El aceite de oliva se ha convertido en el símbolo definitivo de la decadencia y caída del Régimen Constitucional de 1978, sedientos y hambrientos desdentados y deplorables. El hecho de que sea ya un artículo de lujo, algo inaccesible para las clases más desfavorecidas, refleja como pocas cosas la involución social, económica y política de España desde hace cuarenta años porque, estimados lectores, nos hemos dado cuenta de una terrible verdad, que todavía pocos se atreven a reconocer y cuando lo hacen se da entre susurros atemorizados en salones oscuros y poco transitados: que la democracia liberal es, de hecho, la forma suprema y acabada del despotismo (ya no “ilustrado” sino brutal, animalesco y animalista) cuyo fin último es la sumisión totalitaria de toda la población, lo cual pasa, necesariamente, por el hambre, la miseria y el miedo, tríada maligna sin la cual ese poder corrosivo no puede mantenerse.
Hemos descubierto, entre el terror y el espanto, que la “democracia liberal” es la culminación del proyecto nihilista cuyo primer gran acto político fue la Revolución Francesa -si bien es cierto que éste hundía sus raíces en el odio secular de Cristo, lo cual es motivo para otra crónica- en un crescendo que nos lleva directamente a la actual Edad Covidiana, iniciada en 2020. Ha sido un largo camino de casi doscientos cincuenta años del cual padecemos ahora las últimas consecuencias: entre ellas, que nuestro apreciado aceite de oliva se haya convertido en un bien de lujo, hecho característico de España por el momento pues nuestro Régimen Constitucional de 1978 se revela, con la perspectiva que da el tiempo, como uno de los experimentos más exitosos de esa idolatría llamada Democracia Liberal y no debería pues sorprendernos que la “feliz escasez” de la que tanta gala hacen Nuestros Señores se manifieste con especial crudeza en nuestro desdichado (ex)país, transformado en auténtica “tierra-de-nadie” de esta postmodernidad odiosamente humanófoba.
El aceite de oliva, nacido de las entrañas de nuestra tierra española, antiquísima urdimbre de siglos, memoria y civilización, sucumbe ante los embates de un poder tecnocrático, sectario y fanáticamente idólatra para el cual las fuentes de alimento, que son fuentes de vida y de esperanza, se convierten -no podía ser de otra manera- en el principal enemigo a batir en esta guerra que nos ha declarado, desdentados y deplorables del mundo, pues desea primero nuestra sumisión y luego nuestra extinción.
El Régimen Constitucional que se nos impuso desde fuera ha desarrollado, hasta el paroxismo, las directrices de ingeniería política que buscan -diríamos casi con ansia desesperada- el hundimiento de todo sistema sano, funcional, biológico y productivo capaz de sustentar a un cuerpo social.
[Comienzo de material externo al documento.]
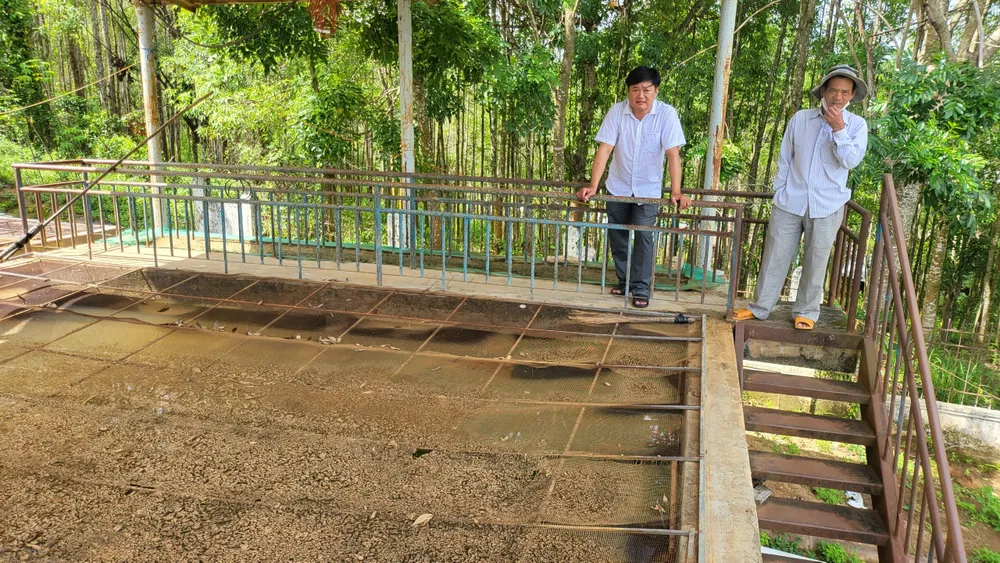 Cận cảnh nơi chứa nước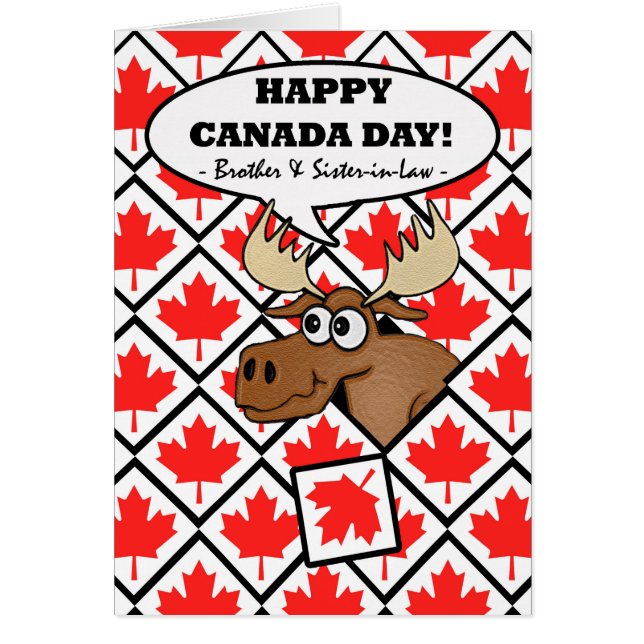 Fête du Canada pour Frère et Soeur en Droit, Moose (Devant)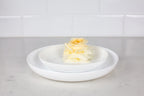 11 White Floral Designer Tray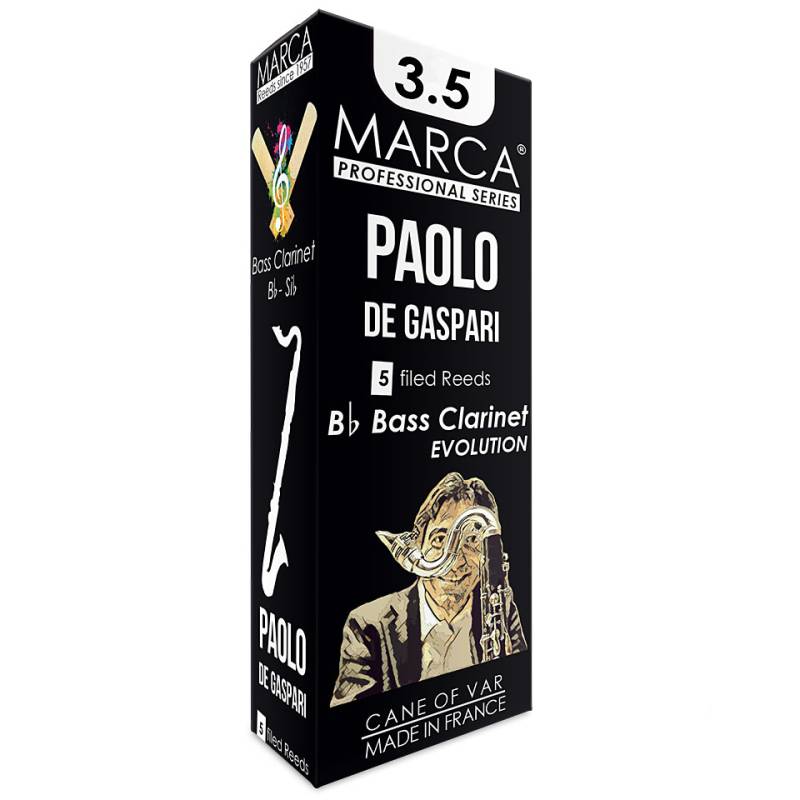 Marca Paolo de Gaspari Boehm Bass Clarinet 3.5 Blätter von Marca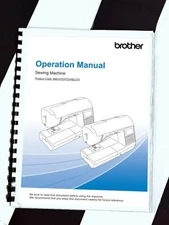 Reprint Manual Brother SB 3150 Computerized Quilting Sewing Machine Comb Bound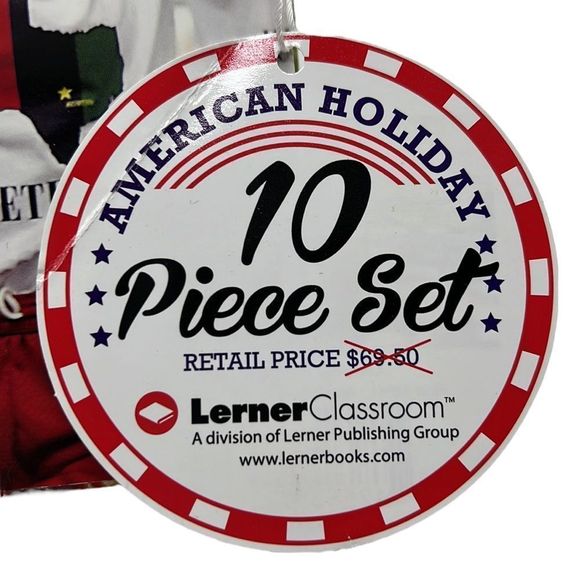 Home School Books Lerner Classroom American Holiday's Bundle 10 Piece Set NEW - Picture 4 of 7
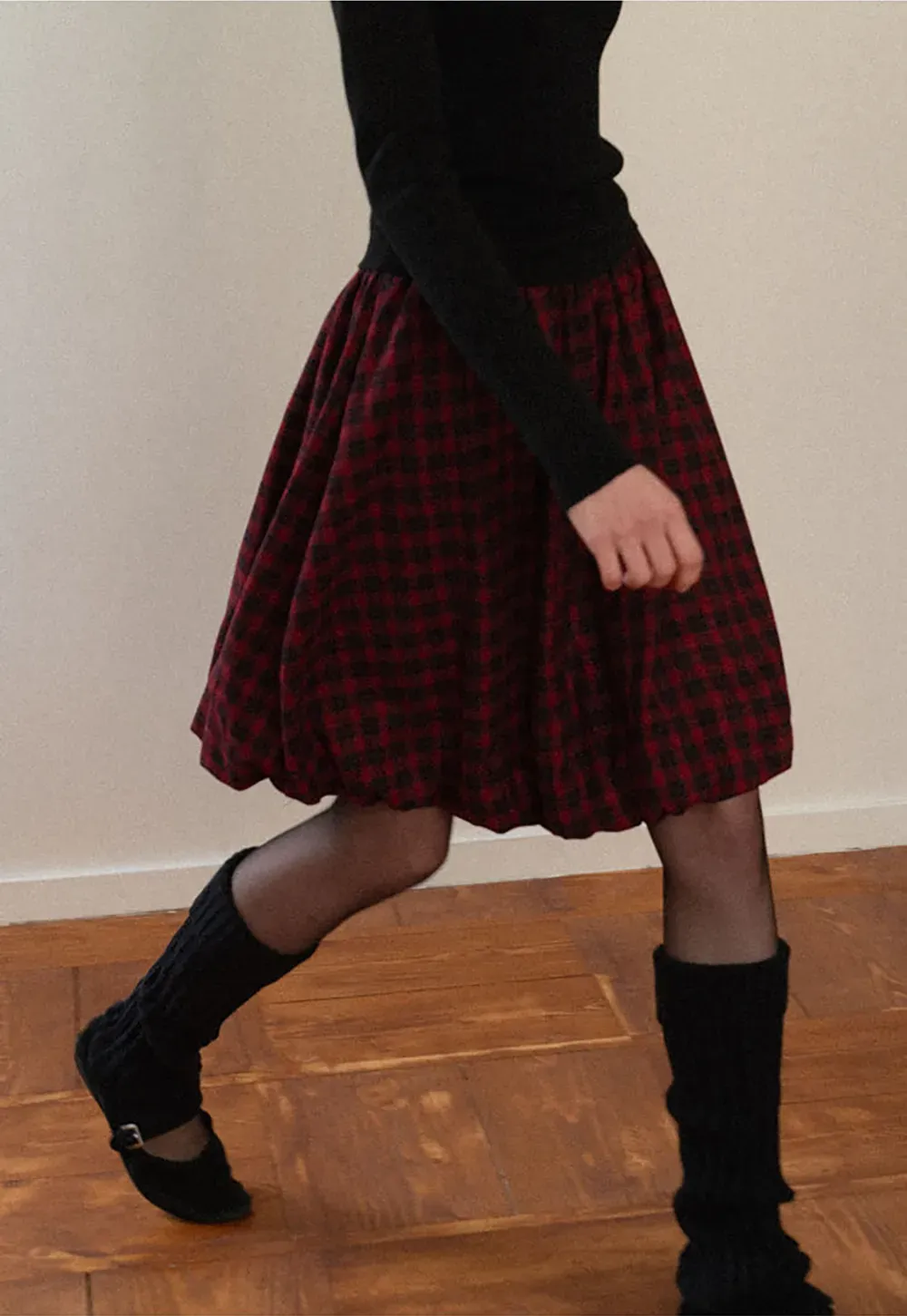 Bubble Hem Mini Skirt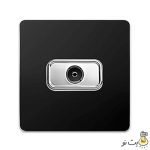 کلید و پریز آسیا مدل کریستال مشکی نقره ای - Image 7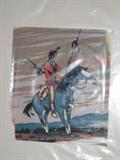 Frank Vigil Apache artist, born 1922, Dulce NM. Unframed print in original wrapping.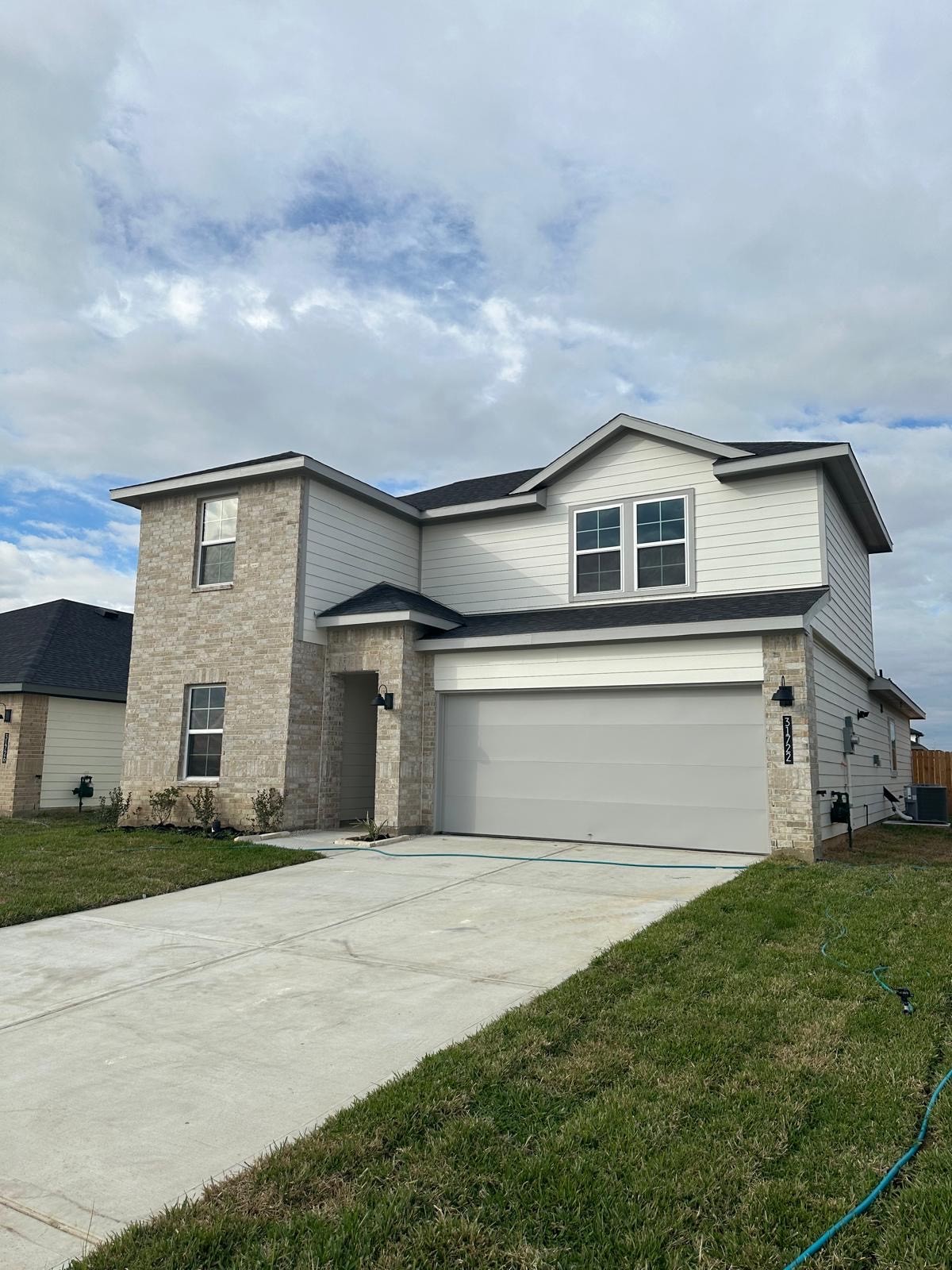 a front view of house with yard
Es por ello que hemos visto a lo largo de estas últimas cuatro décadas el desmantelamiento de nuestra industria, nuestra pesca, nuestra ganadería y nuestra agricultura, desmantelamiento que empieza a sentirse en las neveras de los españoles, quizá la última frontera de la paciencia antes de que todo se vaya por el sumidero.
Escribo “quizá” con pena pues mantengo mi escepticismo respecto a la capacidad de rebelarse del otrora pueblo español, reducido a ente inane y zarandeable como un muñeco de trapo por el que no se tiene el menor respeto. El aceite de oliva se aleja de nuestro horizonte cotidiano, verter ese líquido dorado en una sartén adquiere ya tonalidades dramáticas donde se cuentan, una a una, y con creciente temor, las cucharadas. “¿Bastará con dos o necesitaremos más?”, seguro que se preguntan muchas madres mientras se disponen a preparar la comida o la cena. Y en esa pregunta, muda y angustiosa, se encierra, como la gema en lo más profundo de la mina, todo el drama de nuestro tiempo, de nuestro tiempo constitucional, ademocrático, liberalmente tóxico y venenoso que ha ido erosionando el suelo sobre el que pisábamos abriendo un enorme abismo ante nosotros por donde caen todas las cosas que un día creímos sagradas: la familia, Dios, la Patria, el varón, la mujer. Todo se pierde en ese agujero, amparado bajo grandilocuentes palabras -ley, orden, justicia, derechos y blablablá- que apenas ya esconden la dimensión de la tragedia que está desterrando de nuestras alacenas el aceite de oliva, convertido en el símbolo más potente -telúrico sin duda- de un Régimen-Sistema para el cual la vida humana carece de valor.
Cuando los olivares callen definitivamente comeremos las piedras del camino, si aún seguimos con vida, claro está.